Now, as I was saying, I come from a long line of strong women. When I say strong, I do not mean in physical strength, all though they could have shown me a thing or two if I had ever dared to cross them. No, these ladies were exactly that, ladies of the highest level. However, they would not take being told no, or that is not a woman’s place to heart. They, by example, taught us that even in our deepest tragedies in life that we could come out with our heads high. Men came and went in our family, some stayed long term. It was the women that were there through the thick and thin of it all and why our bonds were as tight as they were. All of our memories, all of us in our family of chaotic bliss, were built by the women who came before us. Whether it was by coaxing the dog out from under the bush that we had found at 6 o’clock in the morning, or maybe it was to help deliver the baby we had found ourselves pregnant with at a very early age. Regardless of what it was, it was one of those wonderfully feisty women that would come to our rescue.

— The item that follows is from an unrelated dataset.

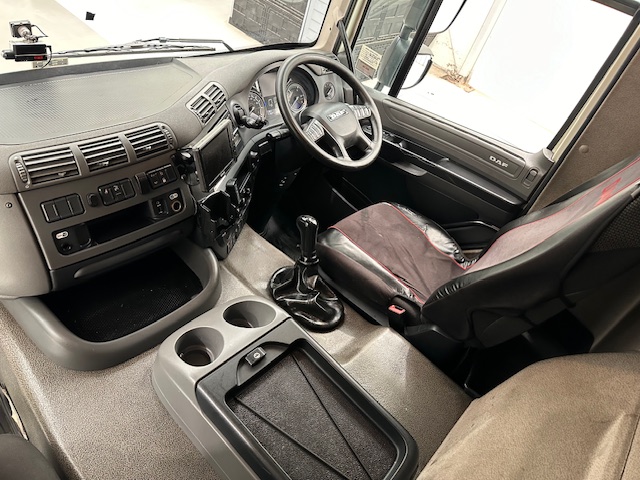 DAF CF 290 6×2 Rear Steer Fridge Box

I remember as a small child being taken to Niagara Falls for a vacation with my parents. A fairly small vacation, nothing fancy, but note worthy all the same. I remember my mother being so proud as she took me into the small museum they have at the falls, standing me in front of the replica they have of the woman in the barrel and saying, “ Do you know who that is?”. Of course I did not, so she politely told me that that had been my great aunt Annie Taylor. She had been the first woman over the falls in a barrel and had lived to tell about it. I, at the time, was utterly mortified. I wondered how far crazy went in the lineage of the family tree. As time went by however, I have come to realize that that is exactly what my family was. It was a unit of unmistakable crazy and unrelentless power of strength in the female agenda. We, as a family unit, were a force to be reckoned with and still are. We are fierce in our loyalty and strong in our bonds, in and out of family. Our memories are not just what we make of them; they are what we make of each other.